= Beginning of Section =
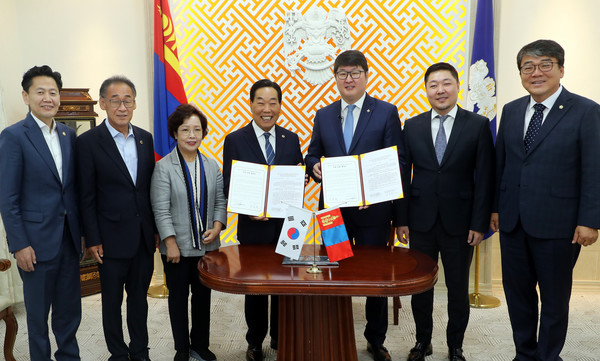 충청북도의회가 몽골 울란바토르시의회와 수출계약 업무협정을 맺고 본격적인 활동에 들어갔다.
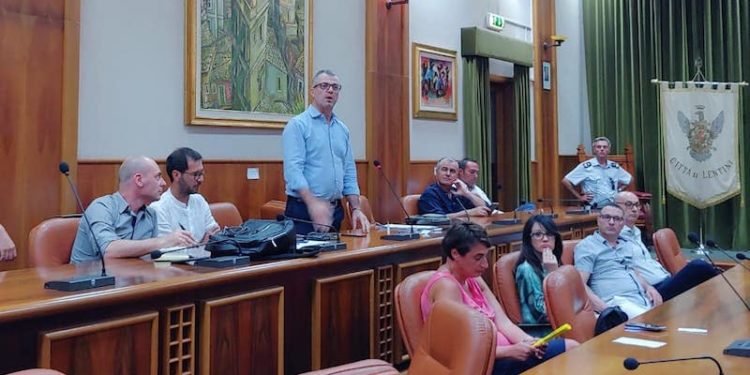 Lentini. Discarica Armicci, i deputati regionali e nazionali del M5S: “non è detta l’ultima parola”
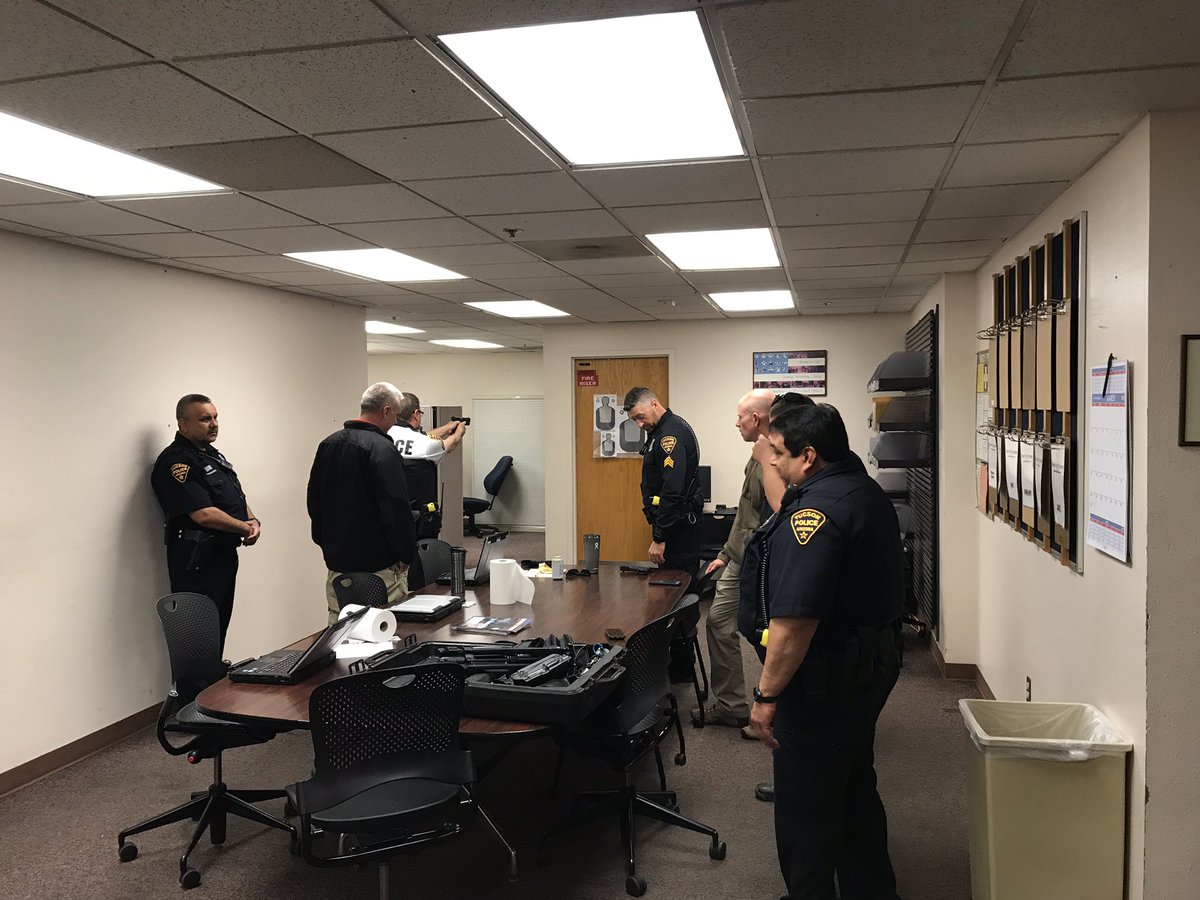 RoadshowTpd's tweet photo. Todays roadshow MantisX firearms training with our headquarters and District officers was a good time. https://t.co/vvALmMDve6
= End of Section =
What is expected — Give back word for word the lines from the one containing "Lentini. Discarica Armicci, i" through the final line of the data above. Pictures are to be left out.

Solution —
 Lentini. Discarica Armicci, i deputati regionali e nazionali del M5S: “non è detta l’ultima parola”
 RoadshowTpd's tweet photo. Todays roadshow MantisX firearms training with our headquarters and District officers was a good time. https://t.co/vvALmMDve6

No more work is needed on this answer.